Michel Pagel me les ayant filé, j’ai entamé la lecture du premier Ed McBain : style superbe, ces descriptions de la ville, wow ! On verra si je deviens « accro » comme Michel, ce serait bien, il y en a un paquet à lire… Mais pour le moment je fini de relire les Rex Stout, j’avais presque oublié à quel point est excellent Plot it Yourself, qui se déroule dans les milieux éditoriaux (il n’a jamais été traduit, dommage).

#2546

Faire pousser des plantes, c’est un petit plaisir de tous les jours, regarder chaque matin de combien ont grandis les plans de tomate, si les poivrons ont commencé à se hausser, constater que les courgettes ont de belles feuilles rondes et d’autres dentelées, que la tomate-cerise porte déjà une floraison, que les basilics commencent à percer, que les fraises débordent, que le céleri est bien dru, que la plante-fromage est couverte de nouvelles feuilles velues, que les bourraches nouvelles vont être à repiquer, que le coriandre fleuri, tout comme la ciboulette, tout comme l’olivier aussi, et que le persil monte en graines…

#2545

J’adorais Roger Moore. De mes « childhood heroes » c’était assurément le plus grand, plus encore que Patrick Macnee je l’avoue, et je connais presque par cœur les épisodes d’Amicalement vôtre.

#2544

Bossé vendredi et samedi sur un vieux projet perso, que je pense avoir enfin bouclé / peaufiné à fond. Reste maintenant que l’éditeur l’accepte… les satisfactions de type « j’ai fini ! » ne durent jamais bien longtemps.

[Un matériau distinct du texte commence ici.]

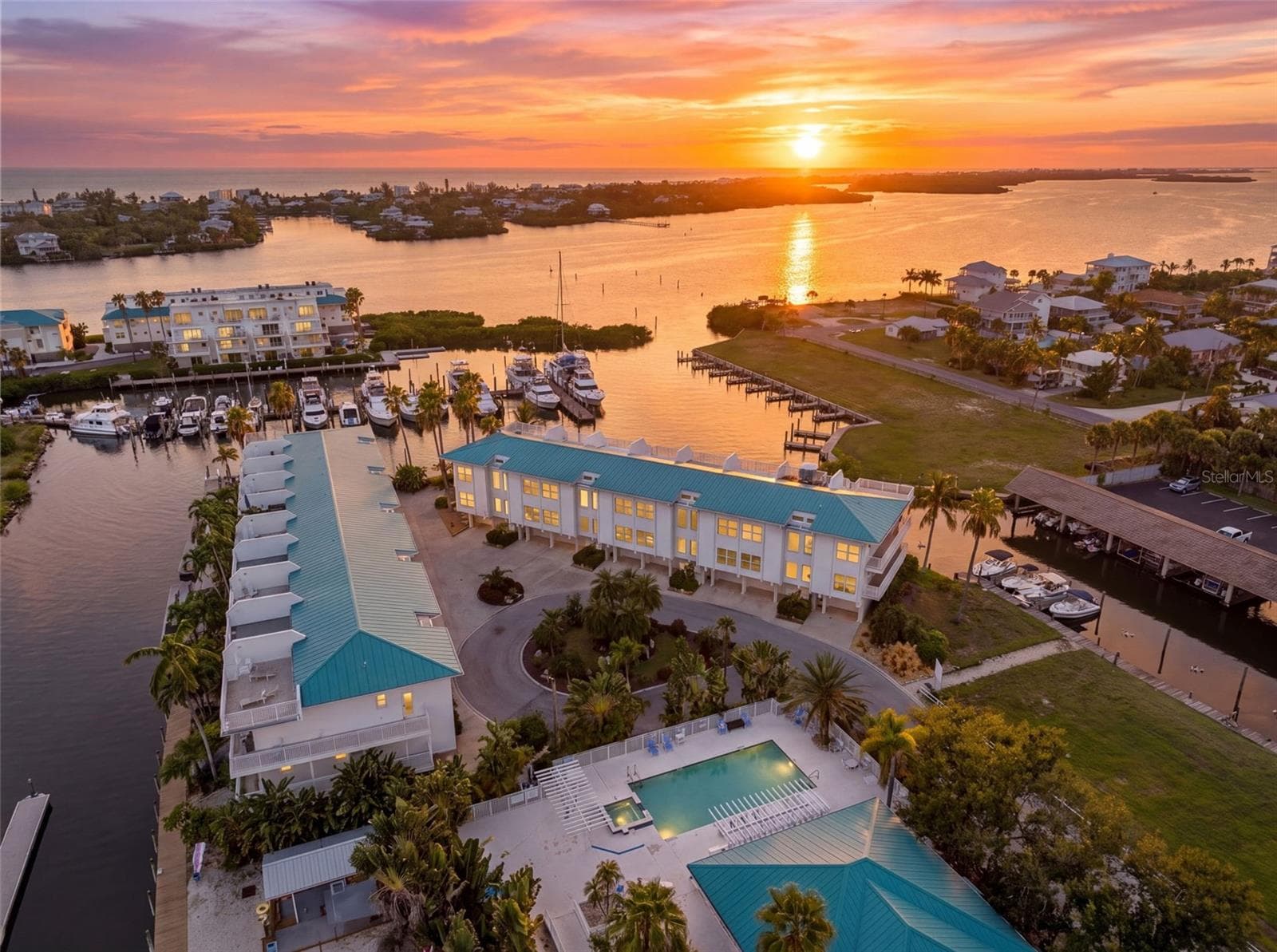 8284 HARBORSIDE CIR
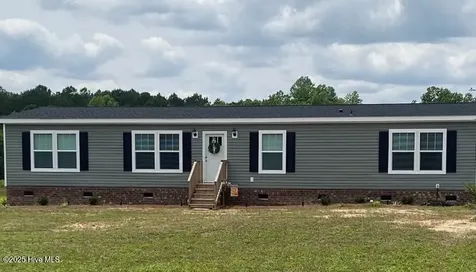 1704 Harrelsonville Road Whiteville NC 28472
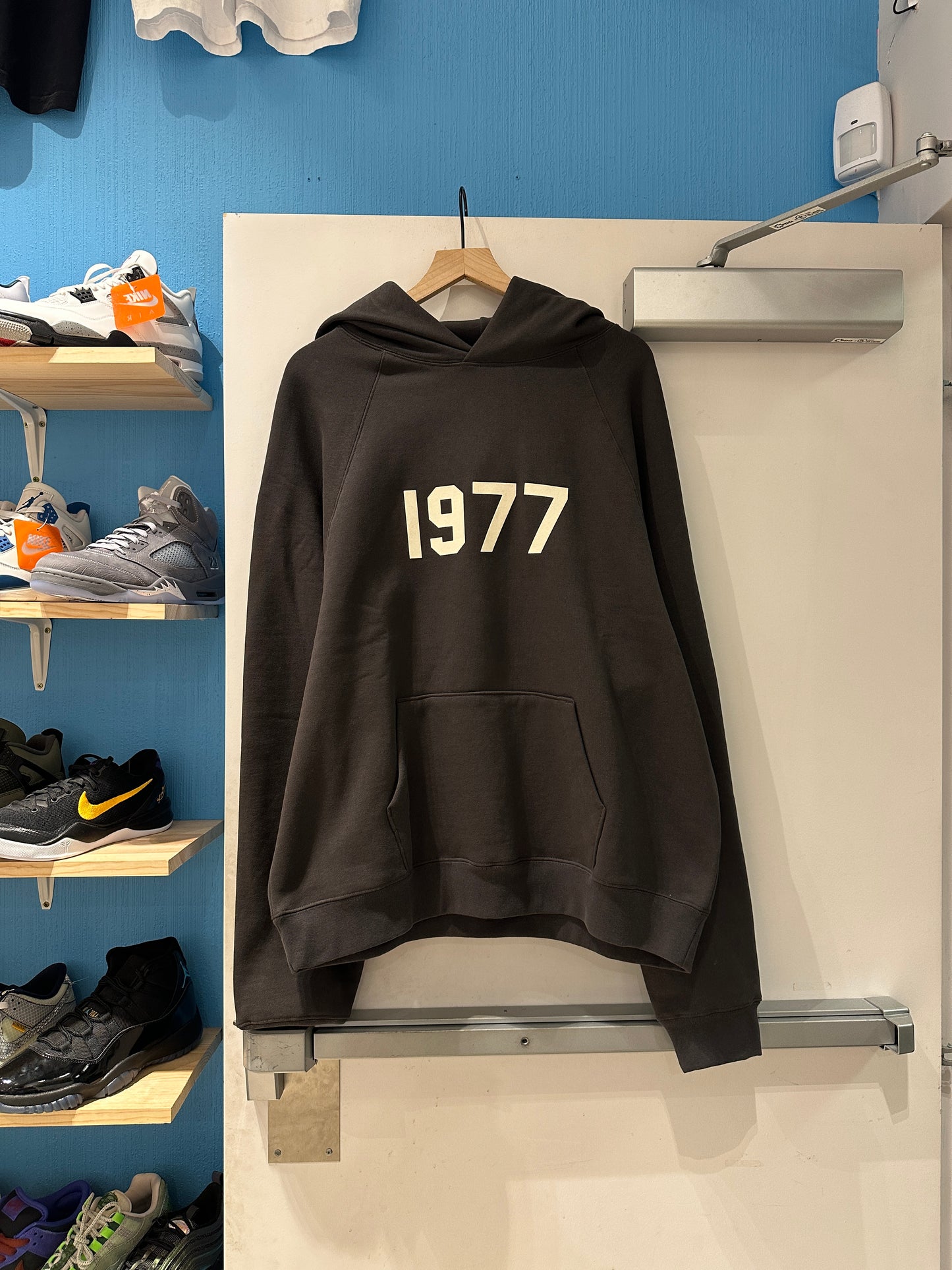 1977 Iron Essential Hoodie
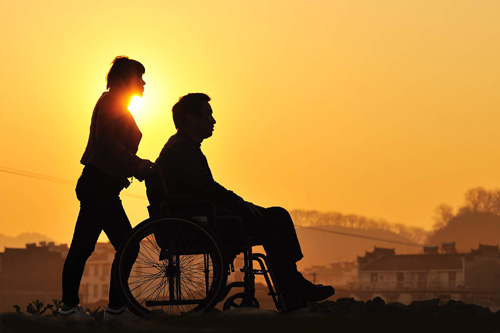 丈夫因病瘫痪20年 妻子背他打工开店不离不弃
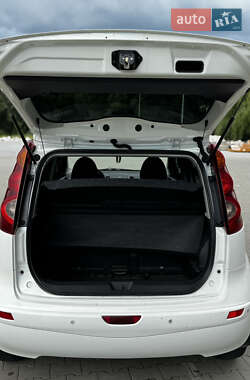 Хэтчбек Nissan Note 2012 в 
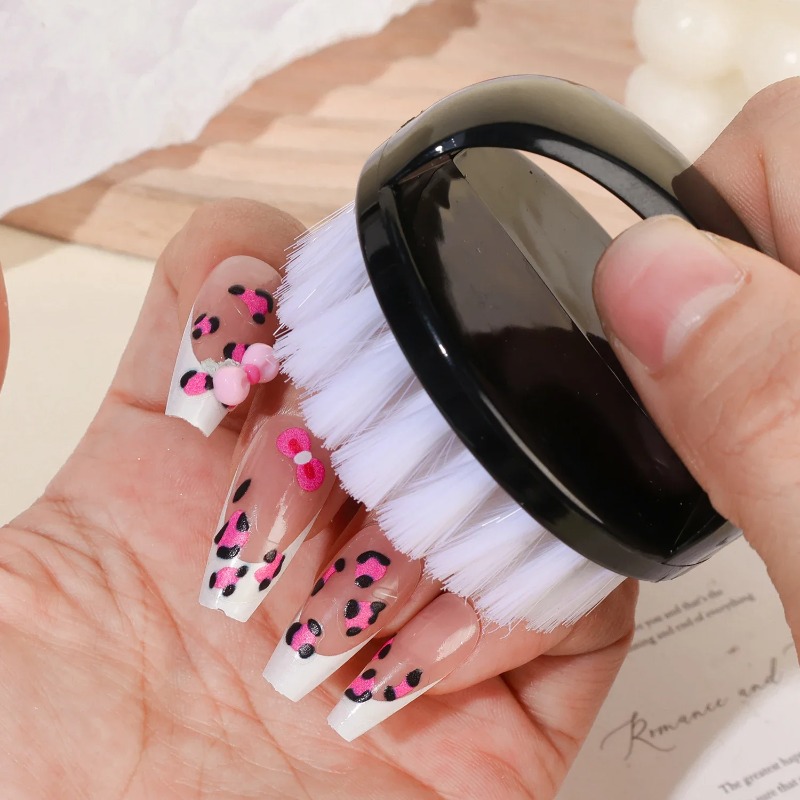 Kuas Kuku Mengacu pada Gesper  - Nail Fan Brush ulasan dan harga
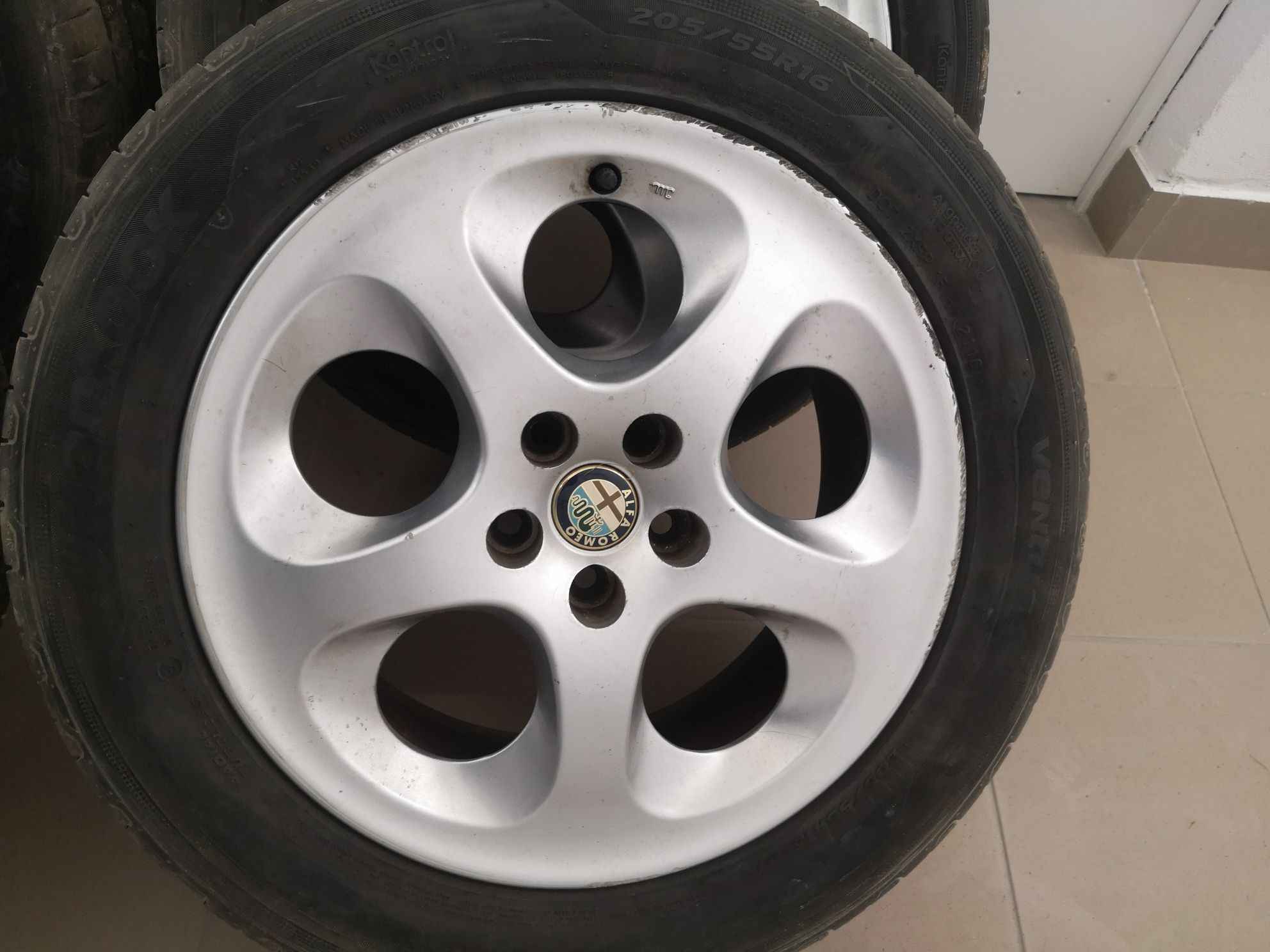 Hankook R16 x 205 x 55 - opony letnie
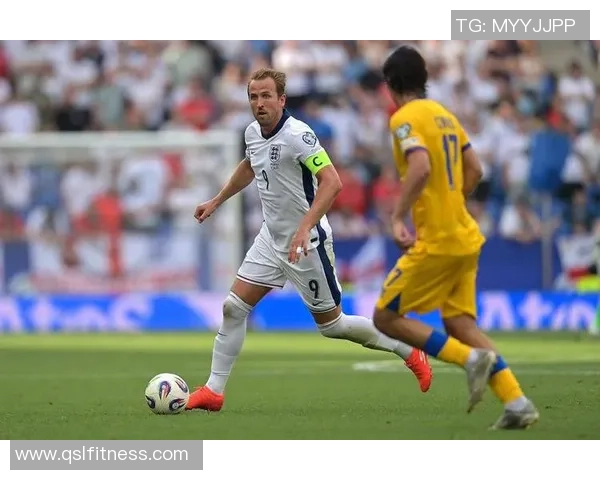 哈里·凯恩领衔英格兰锋线重塑经典锋霸形象，助力国家队冲击世界杯荣耀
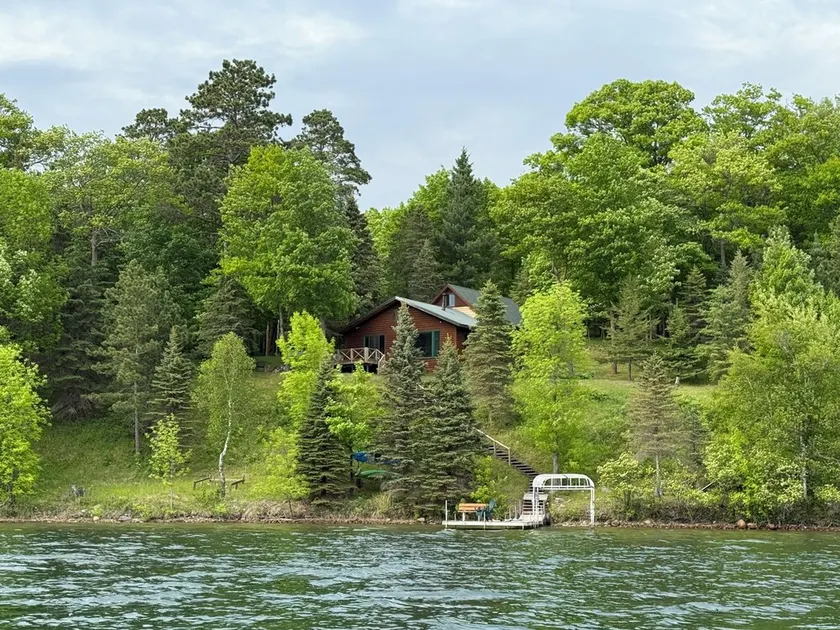 Vackra sjön Hem Inbäddat i norra skogen - Image 1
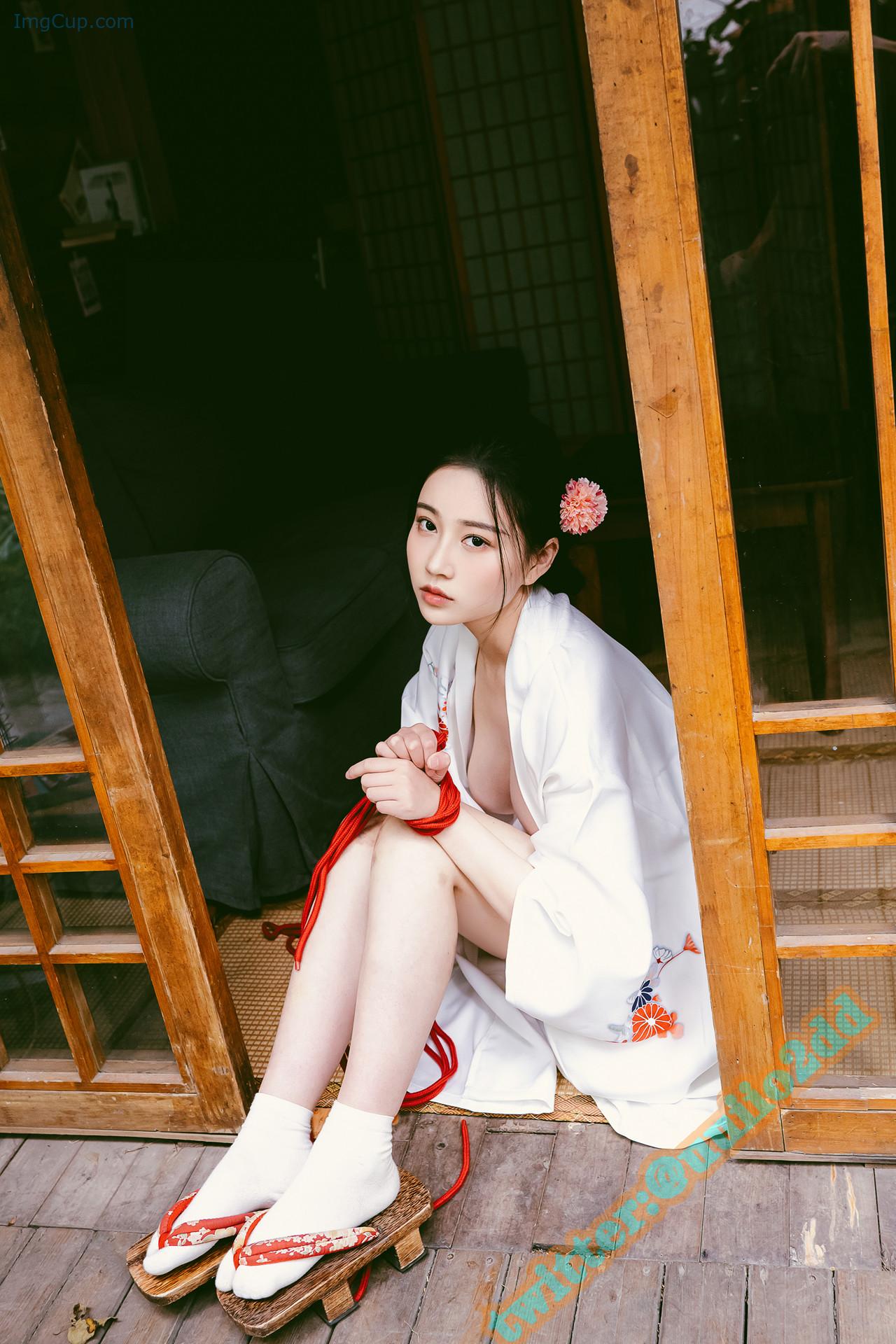 1768343622_470_年年Nnian-写真集-A版以爱之名.jpg 1768343622 470 年年Nnian 写真集 A版以爱之名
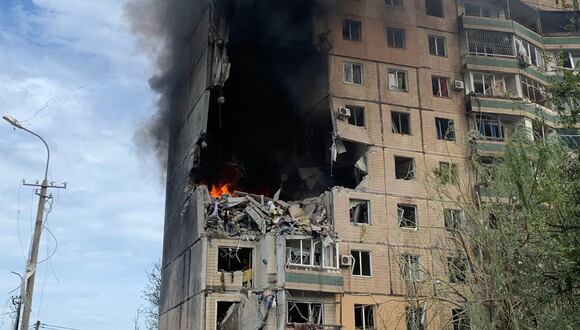 Un edificio residencial de nueve pisos parcialmente destruido como resultado del ataque con misiles rusos en Kryvyi Rig, en medio de la invasión rusa de Ucrania. (Foto SERVICIO DE EMERGENCIA UCRANIANO / AFP)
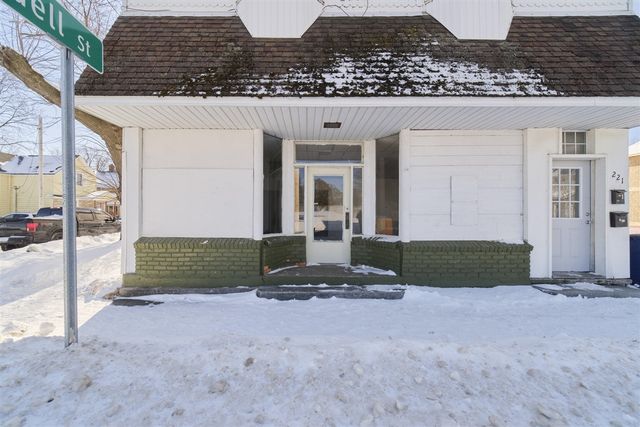 221 5th Street, Manistee, MI 49660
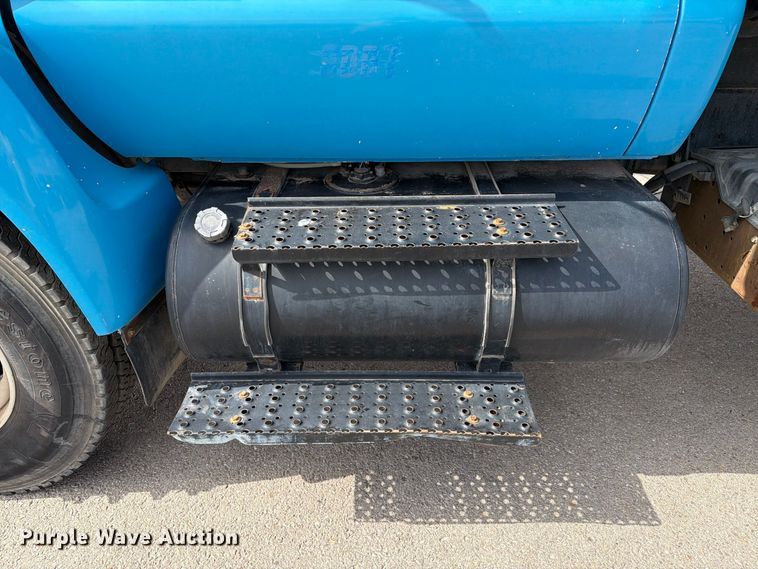 image for item FI2049 2008 Ford F-650 XL dump truck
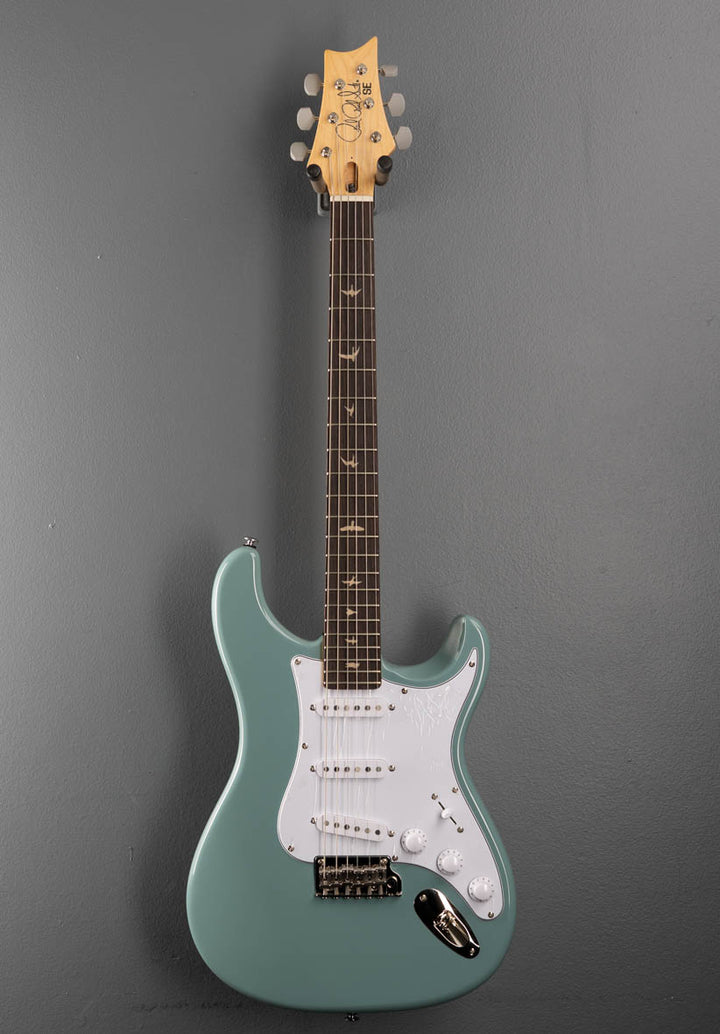 SE Silver Sky w/Rosewood, '22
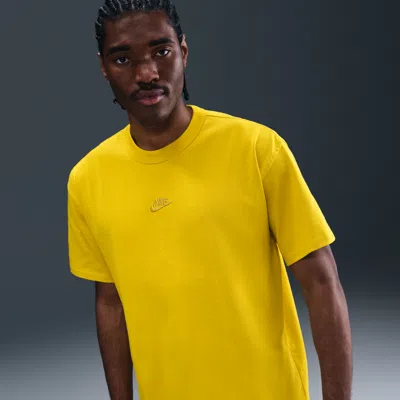 Nike Men's  Sportswear Premium Essentials T-shirt In Yellow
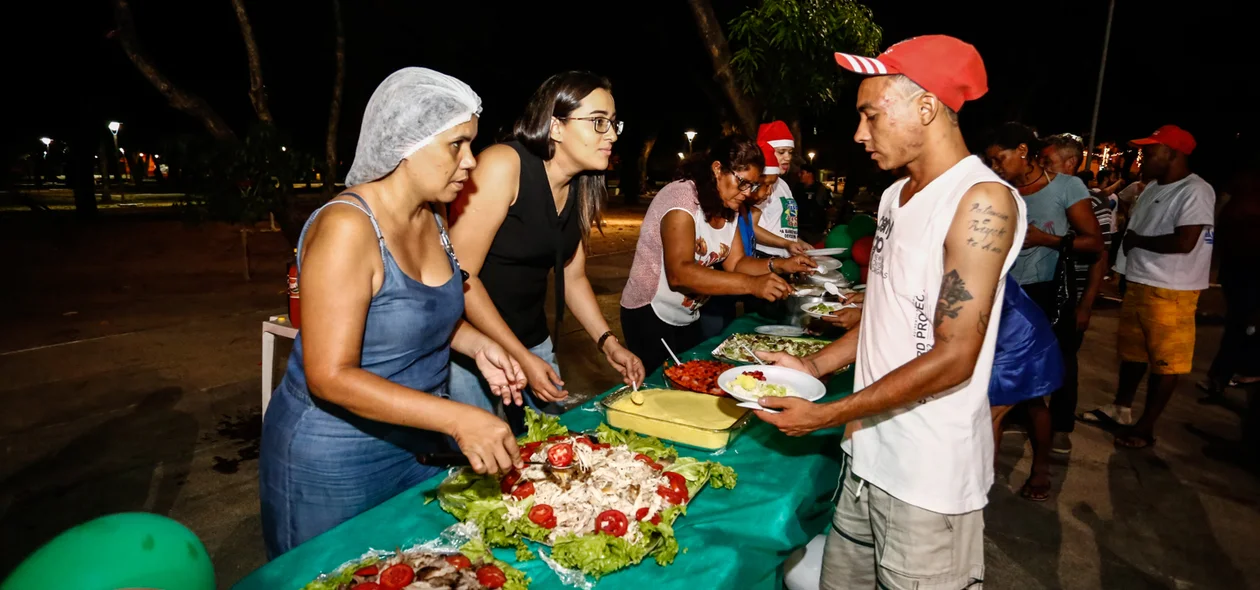 Jantar para pessoas carentes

Et dimanche, profitant du soleil, lu une bonne grosse tranche de Tremontaine, le formidable feuilleton de Ellen Kushner & Co, juste reçu en pavé hardcover. Superbe développement de l’univers de À la pointe de l’épée (je crois que tel est le titre du seul tome traduit ?), par plusieurs auteurs, c’est touchant, amusant, prenant, intrigant – vraiment fort bien troussé.

#2543

Je lis Le Nombril du monde de Roland C. Wagner, que je n’avais jamais lu, repoussé que j’étais par l’une des couvertures les plus atroces qui ait jamais été glissée dans ma bibliothèque : eh, mais c’est très bien, tranquillement fun et niveau Futurs mystères, cette « petite musique » spécifique à Roland, un chouette petit roman… ça me fait un plaisir très doux que de lire un Roland pour moi inédit. Je sens que je vais le rééditer. Je ressors aussi sa Saison de la sorcière, en novembre, ça aussi c’est un grand plaisir. Et on cogite à un ou deux petits recueils originaux.